══ Recorded data

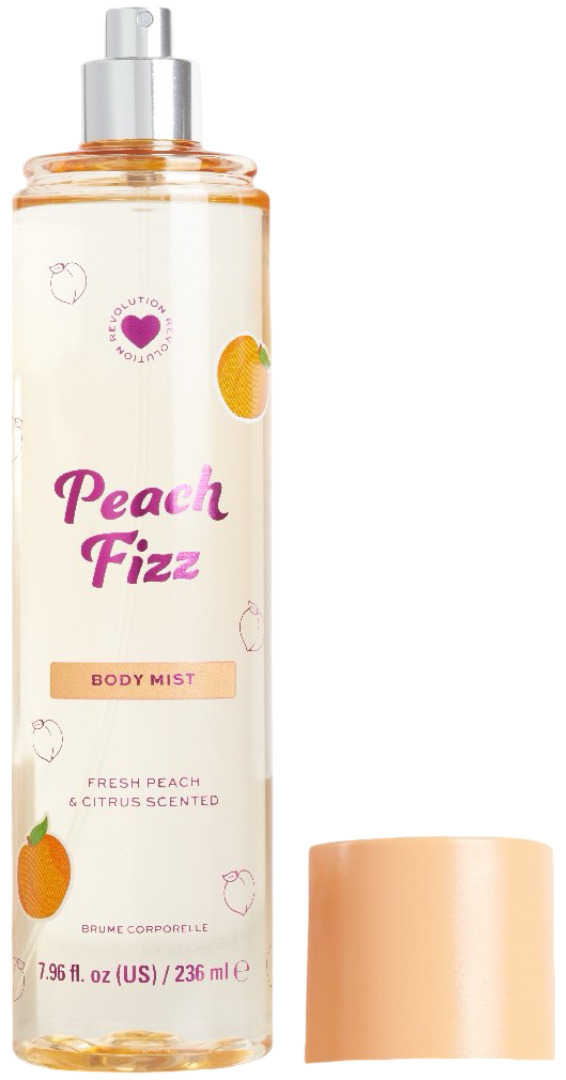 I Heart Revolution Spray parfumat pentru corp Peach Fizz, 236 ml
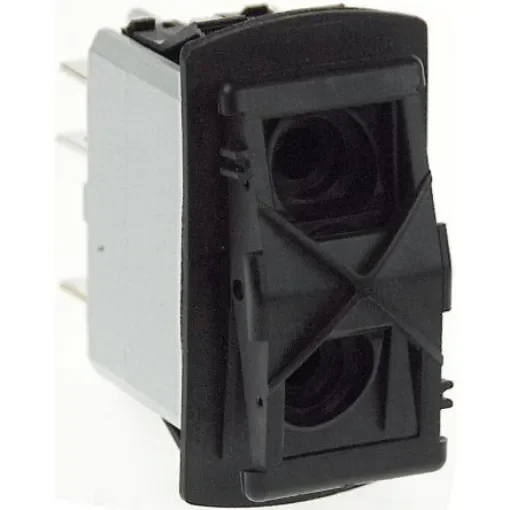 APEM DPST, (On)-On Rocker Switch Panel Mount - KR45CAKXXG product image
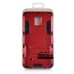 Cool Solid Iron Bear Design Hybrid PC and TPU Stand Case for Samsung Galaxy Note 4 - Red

════

# Required action:
Return the listing above verbatim and exclude every picture.

# Task response:
 I Heart Revolution Spray parfumat pentru corp Peach Fizz, 236 ml
 APEM DPST, (On)-On Rocker Switch Panel Mount - KR45CAKXXG product image
 Cool Solid Iron Bear Design Hybrid PC and TPU Stand Case for Samsung Galaxy Note 4 - Red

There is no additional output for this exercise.